While the Canadian forestry industry braces for a second wave of U.S. duties expected to hit any time now, the Commerce Department announced today that it has made a preliminary decision to exclude three of the country’s Atlantic provinces from its investigation into whether Canada is dumping or subsidizing exports of softwood lumber.
The decision to exclude Newfoundland and Labrador, Nova Scotia and Prince Edward Island came at the request of U.S industry and the Canadian provinces and had the backing of the U.S. lumber industry, according to a statement by Commerce Secretary Wilbur Ross.
“I am pleased to announce that my staff has determined the exclusion of these products is appropriate,” said Ross. “The U.S. petitioners and other parties support this determination; it of course will be subject to further comment on the record. A final decision on the matter is expected by late summer."
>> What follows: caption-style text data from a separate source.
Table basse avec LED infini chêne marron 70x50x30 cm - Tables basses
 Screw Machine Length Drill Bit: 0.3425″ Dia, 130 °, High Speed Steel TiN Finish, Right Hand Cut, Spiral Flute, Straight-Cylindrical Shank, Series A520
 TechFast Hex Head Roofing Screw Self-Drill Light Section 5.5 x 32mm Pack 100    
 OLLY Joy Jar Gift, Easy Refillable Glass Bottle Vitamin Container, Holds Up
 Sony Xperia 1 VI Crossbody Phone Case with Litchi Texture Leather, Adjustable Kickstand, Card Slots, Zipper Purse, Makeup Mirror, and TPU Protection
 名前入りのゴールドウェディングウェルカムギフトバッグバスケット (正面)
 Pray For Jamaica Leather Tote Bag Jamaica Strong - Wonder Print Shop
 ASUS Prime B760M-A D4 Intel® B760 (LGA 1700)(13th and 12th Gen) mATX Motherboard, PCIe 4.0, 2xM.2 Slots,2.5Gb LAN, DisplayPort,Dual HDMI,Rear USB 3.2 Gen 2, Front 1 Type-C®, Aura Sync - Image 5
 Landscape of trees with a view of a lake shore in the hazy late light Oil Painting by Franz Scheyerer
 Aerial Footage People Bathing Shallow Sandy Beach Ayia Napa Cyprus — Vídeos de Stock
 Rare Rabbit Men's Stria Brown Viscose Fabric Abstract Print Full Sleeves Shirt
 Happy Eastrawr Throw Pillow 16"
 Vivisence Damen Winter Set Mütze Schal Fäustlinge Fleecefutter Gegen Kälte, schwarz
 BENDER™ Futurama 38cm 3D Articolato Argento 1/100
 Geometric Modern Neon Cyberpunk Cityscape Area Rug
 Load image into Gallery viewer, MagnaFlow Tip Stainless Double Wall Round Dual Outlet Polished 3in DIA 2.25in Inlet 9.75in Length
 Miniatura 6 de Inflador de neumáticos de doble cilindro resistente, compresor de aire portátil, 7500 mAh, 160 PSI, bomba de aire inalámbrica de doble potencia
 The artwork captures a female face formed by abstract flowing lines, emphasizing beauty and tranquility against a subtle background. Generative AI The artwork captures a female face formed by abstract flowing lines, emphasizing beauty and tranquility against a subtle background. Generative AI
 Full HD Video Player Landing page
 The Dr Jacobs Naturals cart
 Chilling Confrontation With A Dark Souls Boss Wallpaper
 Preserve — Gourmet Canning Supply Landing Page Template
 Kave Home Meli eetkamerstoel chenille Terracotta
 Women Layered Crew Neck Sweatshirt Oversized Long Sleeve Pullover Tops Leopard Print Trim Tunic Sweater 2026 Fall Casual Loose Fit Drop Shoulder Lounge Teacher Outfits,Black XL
Most of the wood in Atlantic Canada is harvested from private land, and the provincial governments and local producers had argued that they operate under a largely “free-market” model. “The U.S. industry has indicated that it has faith in the certification process and is not being injured by these products,” the Commerce statement said.
It should be noted that the exclusion accounts for just roughly one percent of Canada’s softwood lumber exports and does not include New Brunswick, the biggest producer in the region and home to targeted company J.D. Irving Ltd. Furthermore, as this is a preliminary decision, for now, U.S. Customs will continue to collect countervailing duty cash deposits on imports of lumber from the three excluded provinces.
A final determination is scheduled to be made in September. Should Commerce make a final decision to exclude from the AD and CVD investigations lumber certified to be produced in the Atlantic Provinces (from logs harvested from those provinces), it will cease the collection of cash deposits and instruct Customs to refund all the money collected.